5 Backward through z = Wx + b—gradients w.r.t. W, x, b.Medium
Answer: Given upstream g = ∂L/∂z: ∂L/∂b = sum over batch of g, ∂L/∂W = xᵀg (layout-dependent), ∂L/∂x = gWᵀ. Interviewers check you know dimensions line up.
6 Backward through ReLU.Easy
Answer: Pass gradient through if pre-activation > 0, else zero. At exactly zero, use convention 0 or 1 (subgradient). Elementwise mask.
7 Jacobian–vector product (JVP) vs vector–Jacobian product (VJP).Hard
Answer: JVP pushes perturbations forward (forward mode). VJP pulls loss gradient backward—what each layer implements in backprop. Efficiency: we want VJPs for scalar loss.
8 Why does backprop need memory?Medium
Answer: To compute local derivatives at each layer you need forward activations (and sometimes intermediate tensors). Memory scales with network width, depth, and batch size.

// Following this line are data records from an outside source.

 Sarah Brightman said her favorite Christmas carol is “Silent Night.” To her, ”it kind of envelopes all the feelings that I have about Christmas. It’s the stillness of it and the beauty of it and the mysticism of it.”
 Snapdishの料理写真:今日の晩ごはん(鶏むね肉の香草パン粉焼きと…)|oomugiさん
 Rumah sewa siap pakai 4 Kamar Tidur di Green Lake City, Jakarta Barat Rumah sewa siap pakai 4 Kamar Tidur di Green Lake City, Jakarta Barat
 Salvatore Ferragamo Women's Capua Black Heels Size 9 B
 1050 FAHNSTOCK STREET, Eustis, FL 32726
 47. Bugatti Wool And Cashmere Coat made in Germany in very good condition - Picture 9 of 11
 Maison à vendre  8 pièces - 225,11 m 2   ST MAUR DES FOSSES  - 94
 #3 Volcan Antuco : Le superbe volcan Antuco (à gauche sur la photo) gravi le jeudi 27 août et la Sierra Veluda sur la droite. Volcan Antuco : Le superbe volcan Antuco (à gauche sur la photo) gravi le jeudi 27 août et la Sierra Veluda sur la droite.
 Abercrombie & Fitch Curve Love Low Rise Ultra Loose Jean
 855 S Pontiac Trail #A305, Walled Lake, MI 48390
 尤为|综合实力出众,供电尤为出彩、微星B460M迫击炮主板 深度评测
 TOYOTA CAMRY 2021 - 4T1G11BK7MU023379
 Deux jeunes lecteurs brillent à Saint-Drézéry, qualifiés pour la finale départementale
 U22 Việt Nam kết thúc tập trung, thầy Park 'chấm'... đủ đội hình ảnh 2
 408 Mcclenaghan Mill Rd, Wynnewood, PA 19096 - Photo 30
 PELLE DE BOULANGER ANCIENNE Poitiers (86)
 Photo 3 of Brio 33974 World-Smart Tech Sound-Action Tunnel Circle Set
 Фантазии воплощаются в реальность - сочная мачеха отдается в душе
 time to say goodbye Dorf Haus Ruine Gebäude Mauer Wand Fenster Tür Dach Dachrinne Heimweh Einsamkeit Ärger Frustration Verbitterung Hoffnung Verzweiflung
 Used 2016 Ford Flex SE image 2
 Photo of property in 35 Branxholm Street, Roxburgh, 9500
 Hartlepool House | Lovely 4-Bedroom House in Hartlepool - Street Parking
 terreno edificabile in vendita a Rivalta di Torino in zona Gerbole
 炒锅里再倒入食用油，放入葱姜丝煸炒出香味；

9 Gradient checkpointing—trade-off?Hard
Answer: Don’t store every activation; recompute some during backward. Less memory, more compute—used for large models (Transformers).
10 Parameter shared across layers—gradient behavior?Medium
Answer: Gradients from all paths add (multivariate chain rule). Same weight used twice → two contribution terms to ∂L/∂w.
11 How does backprop relate to vanishing gradients?Medium
Answer: Backprop multiplies Jacobians layer by layer; if many factors are < 1 (saturating activations), the signal shrinks toward early layers—same math, architectural fix (ReLU, ResNet, gates).
12 Relationship to the computational graph.Easy
Answer: The network is a DAG of ops; forward evaluates nodes, backward applies chain rule along edges. Frameworks build this graph dynamically (eager with autograd) or statically.
13 Does standard training use second derivatives?Medium
Answer: SGD + backprop uses first-order gradients. Second-order (Hessian) methods exist but are expensive; some approximations (K-FAC, etc.) are niche.
14 loss.backward() in PyTorch—what happens?Easy
Answer: Traverses the autograd graph from loss, accumulating .grad on leaf tensors that require grad. Must call zero_grad between iterations unless gradients add intentionally.
15 Time complexity of forward vs backward (typical claim).Medium
Answer: For many networks, backward is roughly 2× the multiply-add cost of forward (same order—rule of thumb). Constant factors depend on fusion and framework.
Practice one small two-layer network by hand once—it locks in the chain rule story.

Quick review checklist

  • Define backprop; chain rule; why reverse mode.
  • Linear + ReLU local grads; memory and checkpointing.
  • Vanishing gradients as product of Jacobians; autograd API basics.